The problem of finding the Longest Common Subsequence between two sequences finds numerous applications in fields as diverse as computer sciences or bioinformatics. In this example, we'll implement a parallel dynamic programming approach to solving such problems.

The idea behind this approach is that, if we denote by $LCS(X,Y)$ the longest common subsequence of two sequences $X$ and $Y$, then $LCS$ satisfies the two following properties:

\[\begin{align} & LCS(X*c, Y*c) = LCS(X, Y) * c \\ & LCS(X*c_1, Y*c_2) \in \left\{ LCS(X*c_1, Y), LCS(X, Y*c_2)\right\} & \text{if } c_1 \neq c_2 \end{align}\]

where $X*c$ denotes the concatenation of sequence $X$ with character $c$. The first property above allows simplifying the Longest Common Subsequence computation of two sequences that end with the same character. When the two sequences end with different characters, the second property allows simplifying the problem to a choice between two possibilities.

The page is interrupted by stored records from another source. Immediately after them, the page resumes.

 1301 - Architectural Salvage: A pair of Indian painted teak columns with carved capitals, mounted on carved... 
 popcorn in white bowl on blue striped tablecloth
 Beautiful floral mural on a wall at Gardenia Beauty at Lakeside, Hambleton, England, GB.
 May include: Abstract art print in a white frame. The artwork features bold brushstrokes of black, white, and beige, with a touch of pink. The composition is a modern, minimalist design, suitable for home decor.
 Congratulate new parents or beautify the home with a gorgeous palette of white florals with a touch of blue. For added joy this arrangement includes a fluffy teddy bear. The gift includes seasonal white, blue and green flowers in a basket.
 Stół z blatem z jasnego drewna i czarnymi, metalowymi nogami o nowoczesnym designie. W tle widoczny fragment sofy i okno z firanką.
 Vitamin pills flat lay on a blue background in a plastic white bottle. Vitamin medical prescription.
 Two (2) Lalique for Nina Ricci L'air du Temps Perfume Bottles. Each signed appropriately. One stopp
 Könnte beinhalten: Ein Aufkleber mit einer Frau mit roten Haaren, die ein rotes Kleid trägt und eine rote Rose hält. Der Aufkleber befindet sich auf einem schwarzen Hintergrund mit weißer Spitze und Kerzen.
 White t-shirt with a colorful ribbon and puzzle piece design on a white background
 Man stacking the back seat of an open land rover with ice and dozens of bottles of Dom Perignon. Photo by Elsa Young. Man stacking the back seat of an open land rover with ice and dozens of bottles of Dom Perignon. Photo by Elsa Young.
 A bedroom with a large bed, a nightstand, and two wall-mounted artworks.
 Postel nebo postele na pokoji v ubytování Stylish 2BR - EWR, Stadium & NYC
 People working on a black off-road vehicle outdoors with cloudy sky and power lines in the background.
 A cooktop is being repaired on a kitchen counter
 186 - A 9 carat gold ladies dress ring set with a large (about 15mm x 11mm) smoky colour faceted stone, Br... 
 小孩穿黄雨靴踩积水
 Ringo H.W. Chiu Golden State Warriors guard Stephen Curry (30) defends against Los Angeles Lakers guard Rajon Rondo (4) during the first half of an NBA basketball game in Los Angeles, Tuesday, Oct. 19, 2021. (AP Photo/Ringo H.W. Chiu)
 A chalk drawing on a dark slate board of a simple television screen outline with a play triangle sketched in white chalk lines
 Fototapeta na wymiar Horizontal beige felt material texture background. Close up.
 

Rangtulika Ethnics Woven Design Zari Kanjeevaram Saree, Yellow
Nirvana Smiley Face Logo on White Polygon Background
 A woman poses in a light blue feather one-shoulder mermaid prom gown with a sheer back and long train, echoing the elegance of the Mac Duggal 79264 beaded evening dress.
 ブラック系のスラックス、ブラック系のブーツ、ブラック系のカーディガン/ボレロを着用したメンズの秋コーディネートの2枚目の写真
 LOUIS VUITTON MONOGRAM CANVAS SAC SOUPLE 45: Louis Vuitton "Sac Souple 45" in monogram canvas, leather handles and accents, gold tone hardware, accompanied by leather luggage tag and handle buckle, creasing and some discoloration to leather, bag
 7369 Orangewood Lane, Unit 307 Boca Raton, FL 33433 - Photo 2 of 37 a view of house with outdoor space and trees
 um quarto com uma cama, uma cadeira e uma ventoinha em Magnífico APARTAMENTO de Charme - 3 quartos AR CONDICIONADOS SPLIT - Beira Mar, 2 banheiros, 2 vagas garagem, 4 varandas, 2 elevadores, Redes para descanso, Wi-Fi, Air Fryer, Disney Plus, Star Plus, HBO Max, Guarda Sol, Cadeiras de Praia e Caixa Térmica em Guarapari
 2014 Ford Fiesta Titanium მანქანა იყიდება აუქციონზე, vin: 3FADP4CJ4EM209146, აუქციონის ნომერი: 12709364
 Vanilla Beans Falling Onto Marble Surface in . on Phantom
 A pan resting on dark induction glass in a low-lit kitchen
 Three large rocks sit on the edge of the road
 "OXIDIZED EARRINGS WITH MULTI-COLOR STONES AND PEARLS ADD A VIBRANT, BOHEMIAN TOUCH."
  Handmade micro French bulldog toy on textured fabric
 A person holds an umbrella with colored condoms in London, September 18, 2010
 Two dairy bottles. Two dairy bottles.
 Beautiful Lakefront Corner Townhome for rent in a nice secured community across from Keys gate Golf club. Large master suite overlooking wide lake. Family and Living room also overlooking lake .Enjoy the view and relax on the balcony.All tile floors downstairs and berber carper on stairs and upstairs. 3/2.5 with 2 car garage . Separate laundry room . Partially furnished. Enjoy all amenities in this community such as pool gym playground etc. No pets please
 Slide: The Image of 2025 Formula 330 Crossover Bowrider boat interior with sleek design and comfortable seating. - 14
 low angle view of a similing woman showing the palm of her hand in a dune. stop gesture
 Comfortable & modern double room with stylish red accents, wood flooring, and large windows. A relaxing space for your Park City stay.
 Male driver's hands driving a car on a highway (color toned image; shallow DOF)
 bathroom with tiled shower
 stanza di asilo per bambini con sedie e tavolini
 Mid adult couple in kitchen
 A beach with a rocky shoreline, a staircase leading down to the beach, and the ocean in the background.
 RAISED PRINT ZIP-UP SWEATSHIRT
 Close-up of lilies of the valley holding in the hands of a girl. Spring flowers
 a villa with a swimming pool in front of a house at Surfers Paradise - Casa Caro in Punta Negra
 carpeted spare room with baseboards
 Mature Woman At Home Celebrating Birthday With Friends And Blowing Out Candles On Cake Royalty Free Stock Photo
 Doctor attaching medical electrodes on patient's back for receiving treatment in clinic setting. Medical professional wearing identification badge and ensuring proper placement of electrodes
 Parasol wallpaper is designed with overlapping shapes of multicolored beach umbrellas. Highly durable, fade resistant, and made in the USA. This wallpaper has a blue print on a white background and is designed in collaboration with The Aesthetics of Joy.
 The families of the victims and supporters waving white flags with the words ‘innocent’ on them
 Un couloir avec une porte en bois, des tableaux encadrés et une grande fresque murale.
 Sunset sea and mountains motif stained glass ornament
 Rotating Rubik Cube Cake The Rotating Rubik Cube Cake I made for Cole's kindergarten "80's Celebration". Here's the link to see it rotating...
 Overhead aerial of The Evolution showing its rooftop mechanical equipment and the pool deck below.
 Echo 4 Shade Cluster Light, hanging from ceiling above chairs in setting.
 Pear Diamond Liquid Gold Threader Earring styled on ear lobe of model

If we now denote by $L_{i,j}$ the length of the longest common subsequence between the first $i$ characters of $X$ and the first $j$ characters of $Y$, then we now have the following property for $L$:

\[L_{i,j} = \left\{ \begin{array}{ll} 0 & \text{ if } i=0 \text{ or } j=0\\ 1 + L_{i-1, j-1} & \text{ if } i\neq 0 \text{ and } j\neq 0 \text{ and } x_i = y_j\\ \text{max}\left(L_{i-1, j}, L_{i,j-1}\right) & \text{ if } i\neq 0 \text{ and } j\neq 0 \text{ and } x_i \neq y_j\\ \end{array} \right.\]

where $x_i$ represents the $i$-th character in sequence $X$ and $y_j$ the $j$-th character in sequence $Y$.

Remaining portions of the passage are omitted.